İki değerli yazıdan birer bölüm
İlki Rasim Özdenören’in “Kan dökmedeki bu gözü dönmüşlük nedir?” başlıklı yazısı. Yazının son satırları:
“(…) Halen yeryüzünü kaplamış olan fitne fesat ortamında çıkarılan kavganın mahiyetini yeterince kavramamız gerekiyor. En dibinde, kökeninde kimi ülkelerin başka kimi ülkelerin zenginliğini talan etmeye, sömürmeye dönük bir savaşım veriliyor. Böyle bir savaşımı haklı çıkarabilmek için insan mantığını kanırtmak da yeterli olmaz.

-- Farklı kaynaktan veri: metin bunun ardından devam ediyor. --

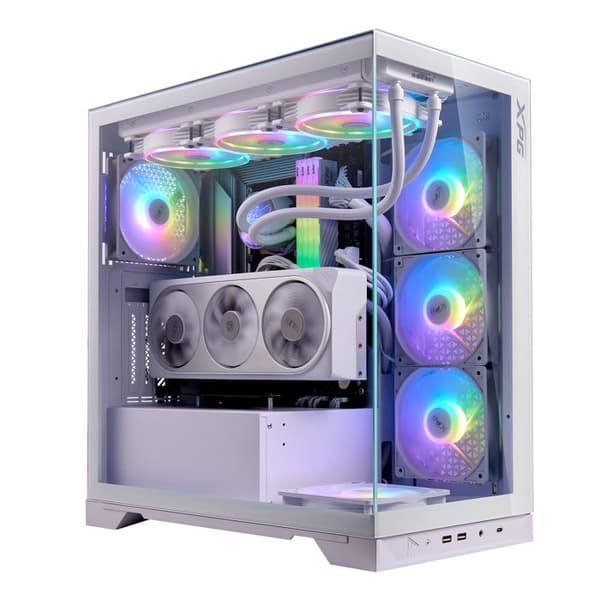 ATX-kabinett - XPG - Invader X - RGB - Glaspanel - Svart Vit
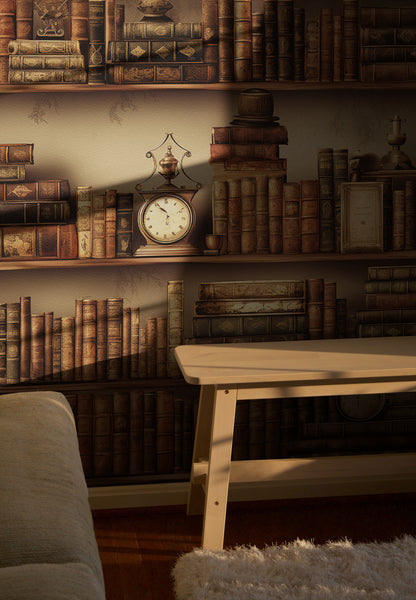 Le charme intemporel d'une bibliothèque vintage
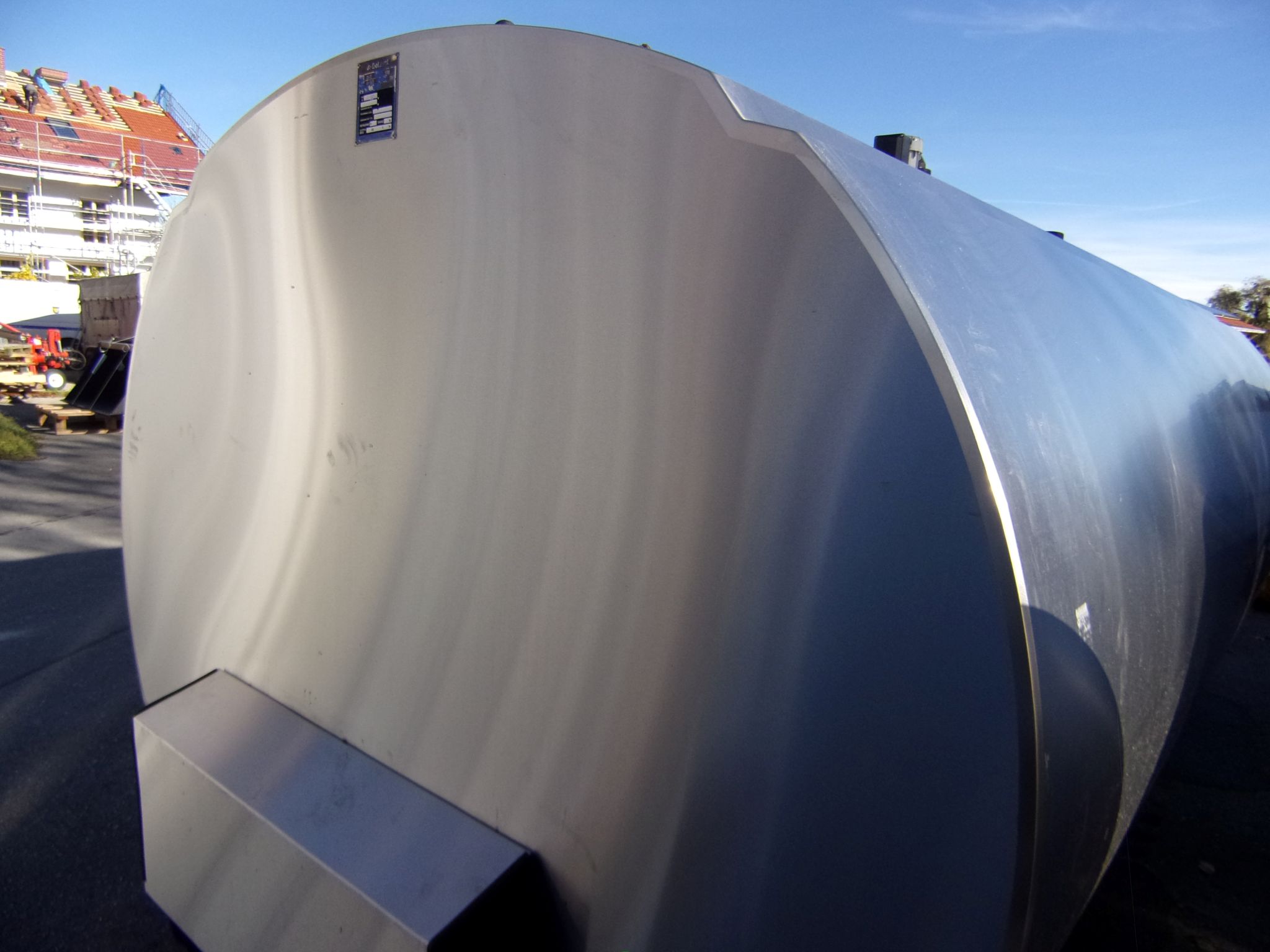 Huber Milchkühlanlagen gebrauchter Milchkühltank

Ama bu maksatla çıkarılmış olan savaşımı önlemek için gösterilen çabanın adı cihattır. İkisi arasındaki farka dikkat isterim.”
http://www.yenisafak.com/yazarlar/rasimozdenoren/kan-dokmedeki-bu-gozu-donmusluk-nedir-2039117
İkincisi Gökhan Özcan’ın “Ahdimizi hatırlamak için…” başlıklı yazısı. Bu yazının da son satırları:
“(…) Yağmur yağdığında biz bütün bu ibretleri almak ve bu ibretlerle idrakimizi genişletmek yerine, meseleyi bıktırıcı klişelerle bir altyapı tartışmasına çevirerek bunun üzerinden birbirimizi hırpalamayı seçiyoruz. Elbette altyapıda eksik olan her ne ise elbirliğiyle acilen ve mesele kayıkçı kavgasına dönüştürülmeden tamamlanmalı. Ama iklimin, sağanak yağmurların, yakıcı güneşin, gelip geçen bulutların, rüzgarın, fırtınanın, gök gürültülerinin ve bir anda bütün karanlığı aydınlatan yıldırımların insana söyledikleri de bu zihinsel itiş kakışa kurban edilerek ıskalanmamalı.
Rabbiyle ahdini neredeyse unutmakta olan bir insanlığın, yağmurdan, güneşten, rüzgardan, yıldırımlardan öğreneceği çok şey var. Modern zamanın oyalayıcı şemsiyelerini aradan kaldırıp göğsümüzü yağmura tutmak zorundayız. Bunu ahdimizi tazelemek ve tazelenmek için yapmalıyız. Çünkü yağmur Rabbimizin yanından geliyor, onun ahdi çok yeni!”